Nicely enough, the conversation between Krakowski and Curic came perfectly timed for a conversation about stories that set themselves in an alternate, post-scarcity economy. Most of these stories never quite grapple with what to do about defectors, and I love Krakowski's "I refute it thus" moment.

Posted by Jeanne at Tue Jul 17 2012 13:54

(1) I damn you, sir, for making me excitedly quit reading and run to Google to look up "Harpo Agonistes," thinking "How could I have possibly missed out on the existence of such a work!" First result is the author commentary. I have no idea of this is a common hazard of alt-historical work.

(2) This chapter is pretty great, and even includes what I have to believe is an intentional Barton Fink reference. Indeed, you've captured that Barton Fink feeling!

Posted by Leonard at Tue Jul 17 2012 14:29

Ooh, what's the Barton Fink reference? I haven't seen Barton Fink for about ten years.

Andrew Willett from my writing group once brought in a story involving a Robert Mapplethorpe photo from the 1980s, and another one involving the life of a Catholic saint, and both times I was totally convinced he was riffing on a real thing. But no, he made it up. He's really good at that stuff.

Posted by Jeanne at Tue Jul 17 2012 16:55

The Barton Fink thing is specifically the line "The upholstery smouldered and bright flame slowly consumed the stark wallpaper," but I think I was primed to think of Barton Fink by the immediate context of the line: a G-man comes to what's essentially a depressing, deserted hotel whose entire aesthetic is alienating and misguided. He handcuffs a relative innocent and accuses of him of conspirations. Allegorically, Ariel's program is John Goodman here, an agent of change.

Posted by Leonard at Tue Jul 17 2012 17:12

I gotta watch that movie again. I don't remember anything about the G-men in Barton Fink. But I can certainly picture the metafractal as John Goodman's character, burning everything down, shouting "Look upon me! I'll show you the life of the mind!"

Posted by Zack at Wed Jul 18 2012 00:41

Sad to say, I can't tell Krakowski and Fowler apart when there's only one of them on stage.

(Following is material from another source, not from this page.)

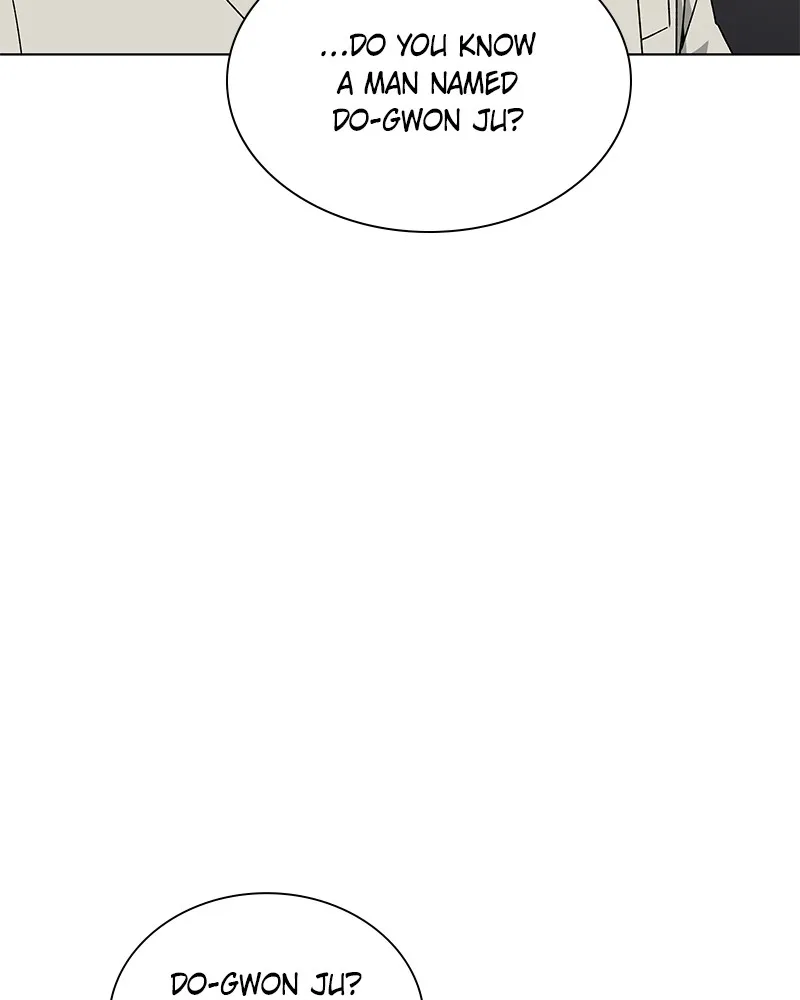 Read It’s My Life chapter 10 image 18 on Lezhin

Like, I am under the impression that one of them is supposed to be less of an asshole than the other, but I don't know which one.

I really like the way Ariel decides to redo Human Ring (and his reasons for it, which I guess we haven't quite got to yet). Although, having just been in Italy: is there a corridor somewhere that's just wall-to-wall medieval Christian iconography for miles? Because man, is there ever a lot of that.

Is "Vanilla" somewhere I can read it?

Posted by Leonard at Wed Jul 18 2012 07:18

At this point, there isn't any difference. Fowler was a dumb asshole and Krakowski is an intelligent asshole. But Ariel is also an intelligent asshole; he just doesn't have the power of the state behind him.

There are miles and miles of medieval Christian iconography. Chapter 35 mentions "two flanking lines of nearly identical statues". This is the sort of thing Ariel would have caught in a test run if he'd had time to do one.

"Vanilla" is under wraps until I eventually redo it.